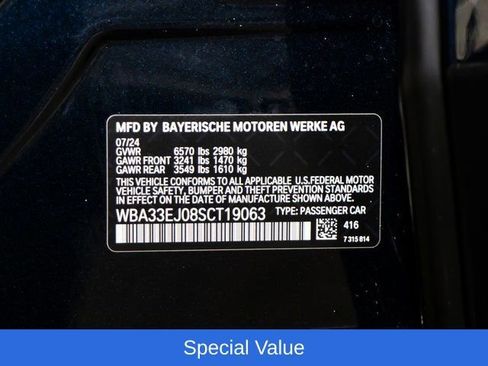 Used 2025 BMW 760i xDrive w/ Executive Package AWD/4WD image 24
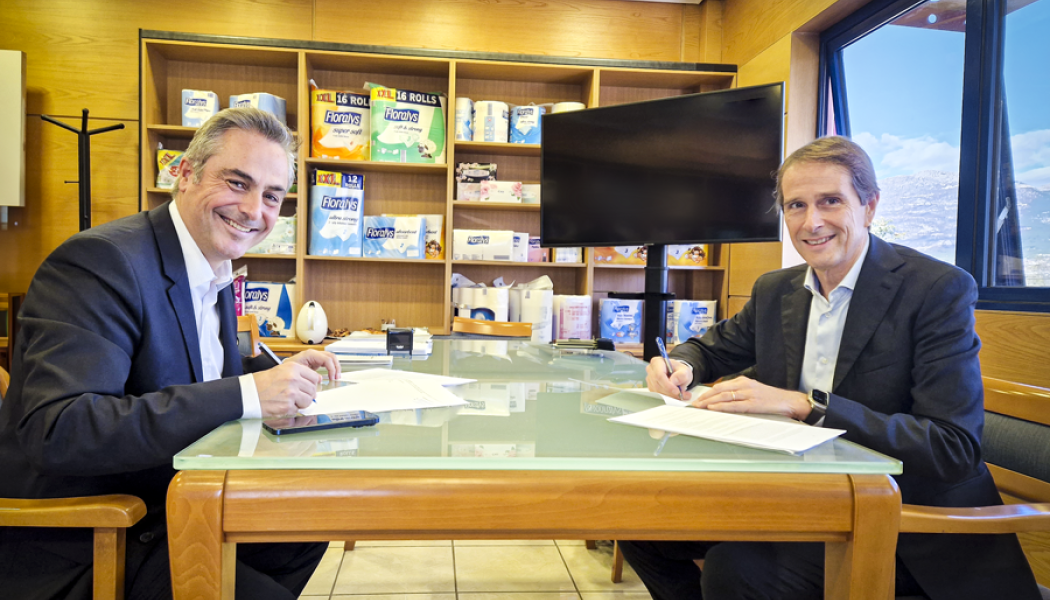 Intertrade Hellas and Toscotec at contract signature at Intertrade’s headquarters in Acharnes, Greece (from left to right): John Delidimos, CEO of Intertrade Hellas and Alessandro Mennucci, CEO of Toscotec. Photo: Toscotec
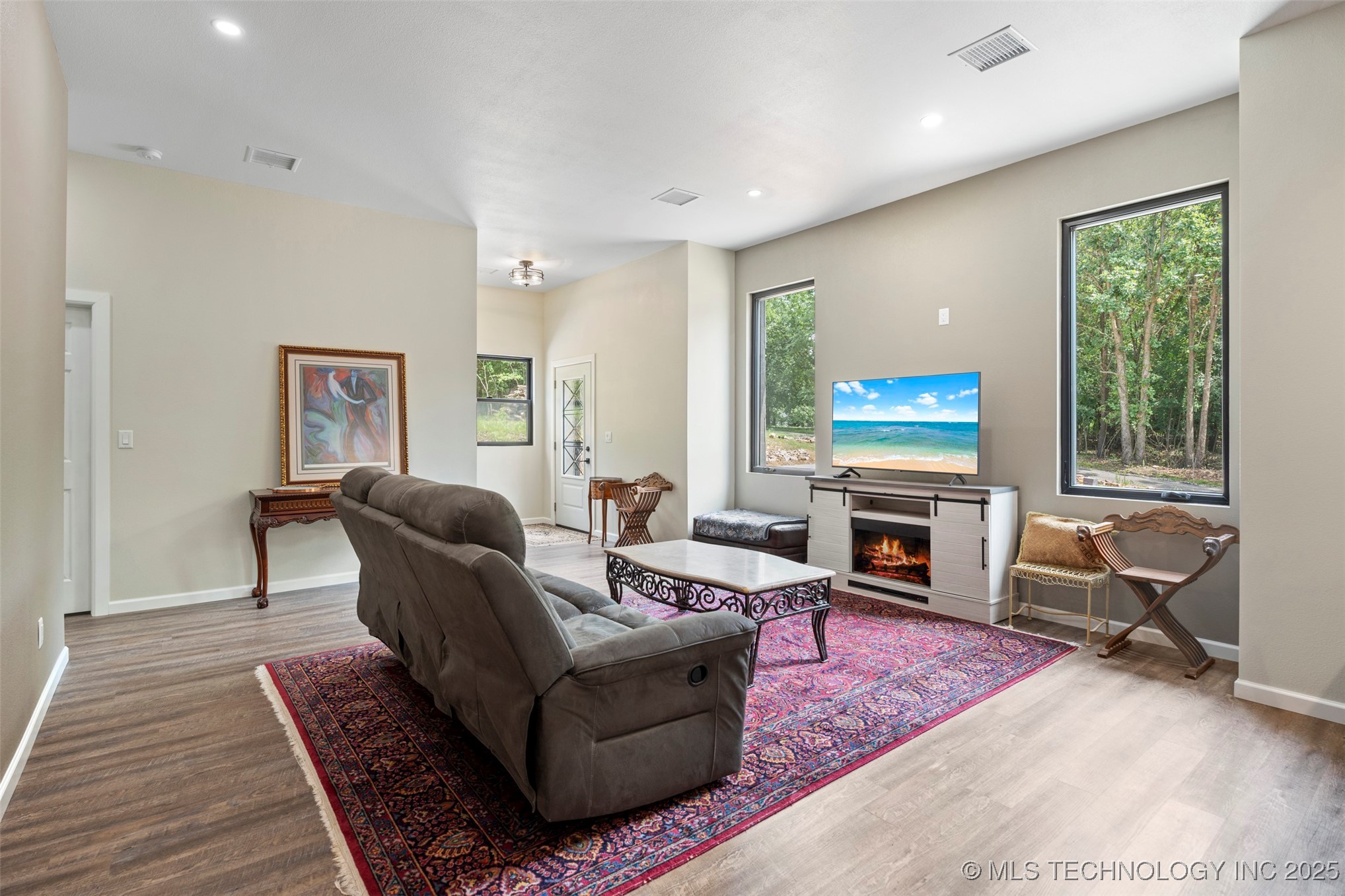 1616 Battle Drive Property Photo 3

• Task item
With the pictures omitted, give every line above again exactly.

• Finished task
 Used 2025 BMW 760i xDrive w/ Executive Package AWD/4WD image 24
 Intertrade Hellas and Toscotec at contract signature at Intertrade’s headquarters in Acharnes, Greece (from left to right): John Delidimos, CEO of Intertrade Hellas and Alessandro Mennucci, CEO of Toscotec. Photo: Toscotec
 1616 Battle Drive Property Photo 3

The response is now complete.